***** Records for the task

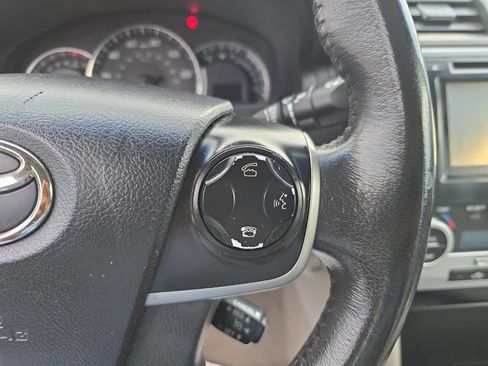 Used 2012 Toyota Camry XLE image 28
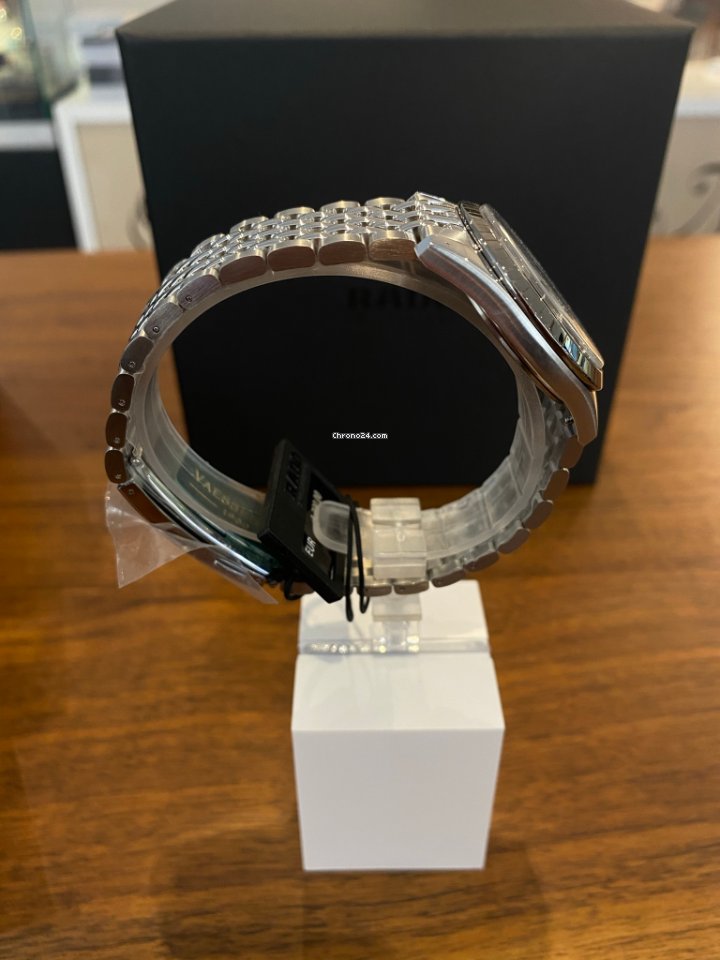 IMG_9081 Rado HyperChrome Womens watch Quartz Steel R33104918 Replica 6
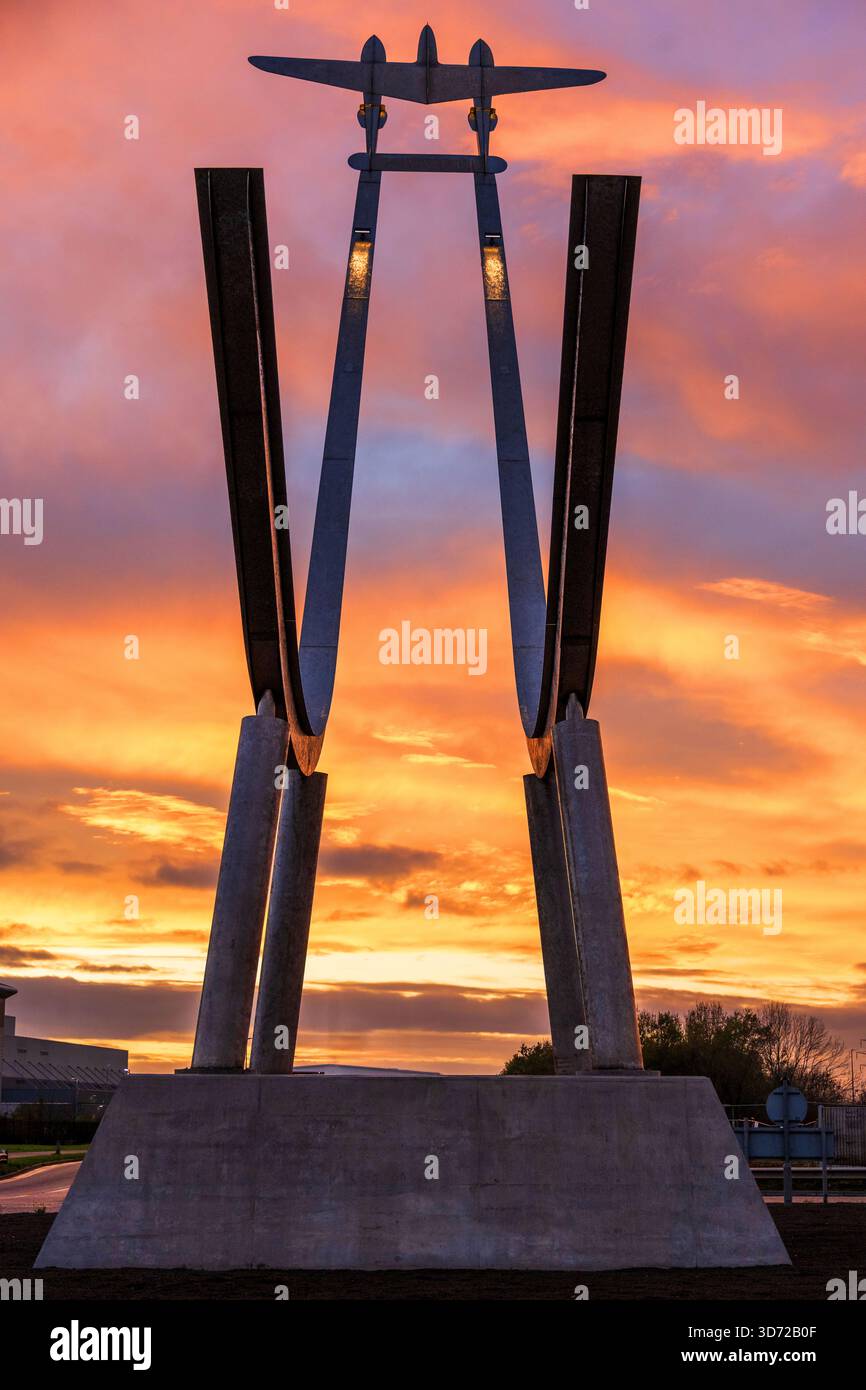 Blitz-Statue in der Nähe der Kreuzung acht der Autobahn M62 am Eingang zum Mountpark auf dem Omega South Anwesen am Skyline Drive in Warrin Stockfoto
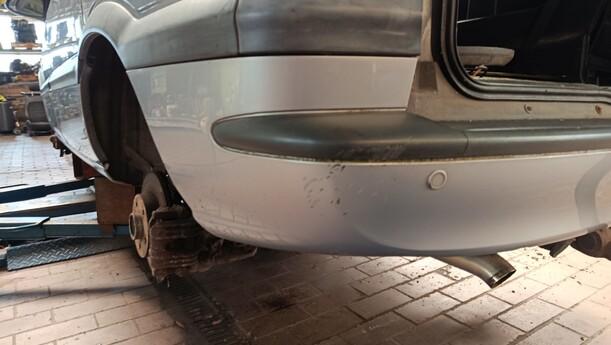 Foto: STOSSFÄNGER / STOßSTANGE HINTEN eines Opel Zafira 1.8 16V Special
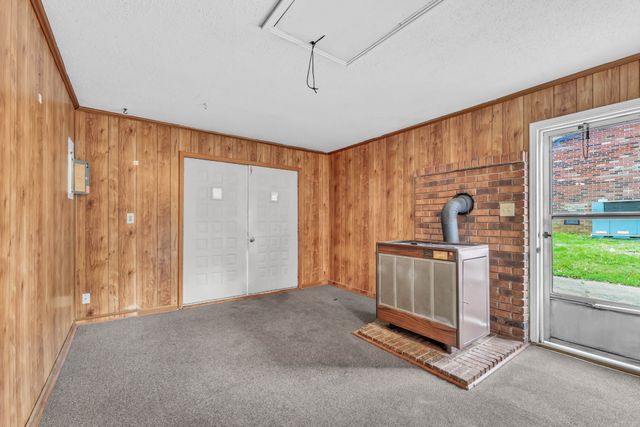 619 Paddy Run Rd, Clarksville, TN 37042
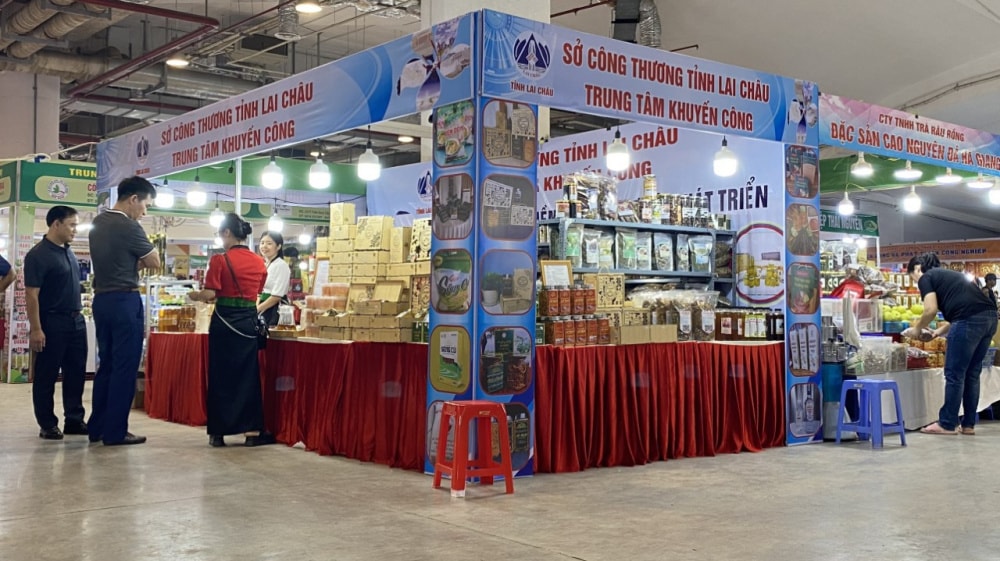 Lai Chau utsteder direktiver for å oppmuntre nye industrier mot utvikling av landlig industri i regionen_689a1d7c81f38.jpg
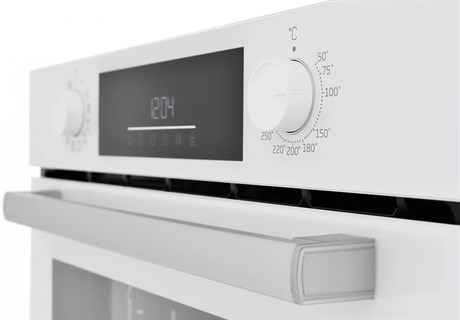 фото: Духовой шкаф Beko BBIM143N0W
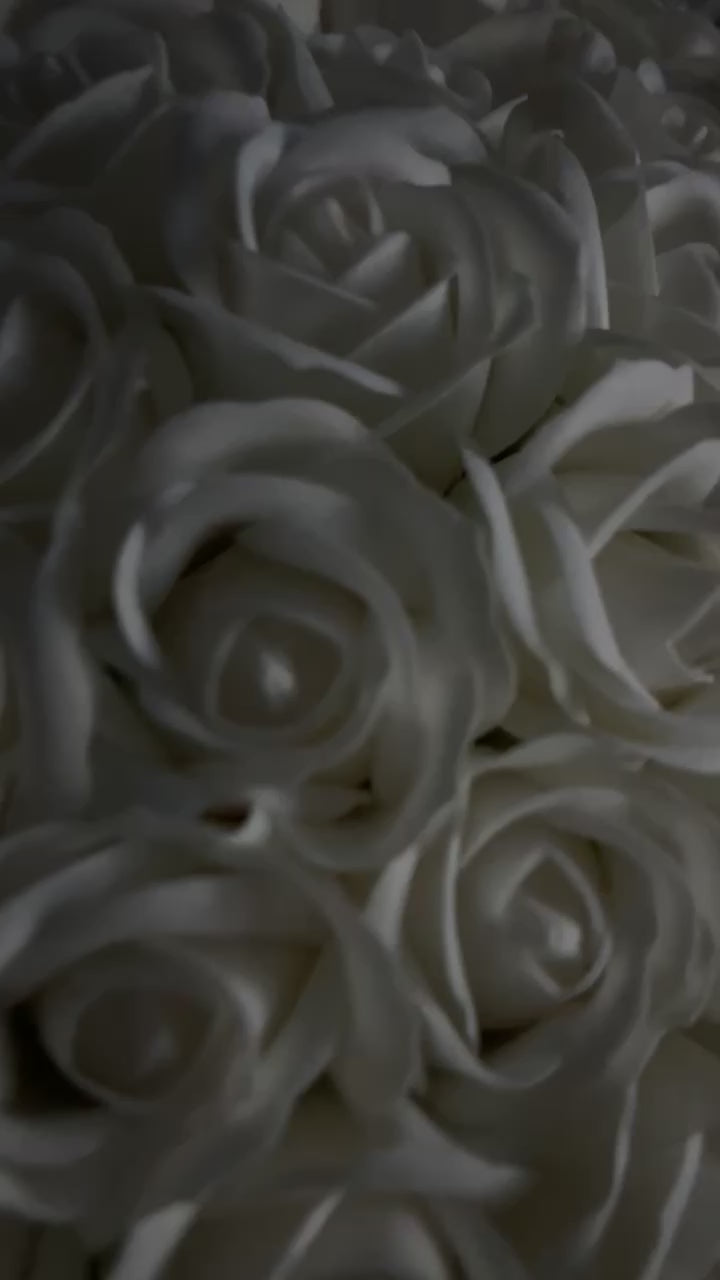 Buchet 51 trandafiri din sapun parfumati “all white”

**********

Could you retype every record exactly, leaving the pictures out?

Expected output -
 Used 2012 Toyota Camry XLE image 28
 IMG_9081 Rado HyperChrome Womens watch Quartz Steel R33104918 Replica 6
 Blitz-Statue in der Nähe der Kreuzung acht der Autobahn M62 am Eingang zum Mountpark auf dem Omega South Anwesen am Skyline Drive in Warrin Stockfoto
 Foto: STOSSFÄNGER / STOßSTANGE HINTEN eines Opel Zafira 1.8 16V Special
 619 Paddy Run Rd, Clarksville, TN 37042
 Lai Chau utsteder direktiver for å oppmuntre nye industrier mot utvikling av landlig industri i regionen_689a1d7c81f38.jpg
 фото: Духовой шкаф Beko BBIM143N0W
 Buchet 51 trandafiri din sapun parfumati “all white”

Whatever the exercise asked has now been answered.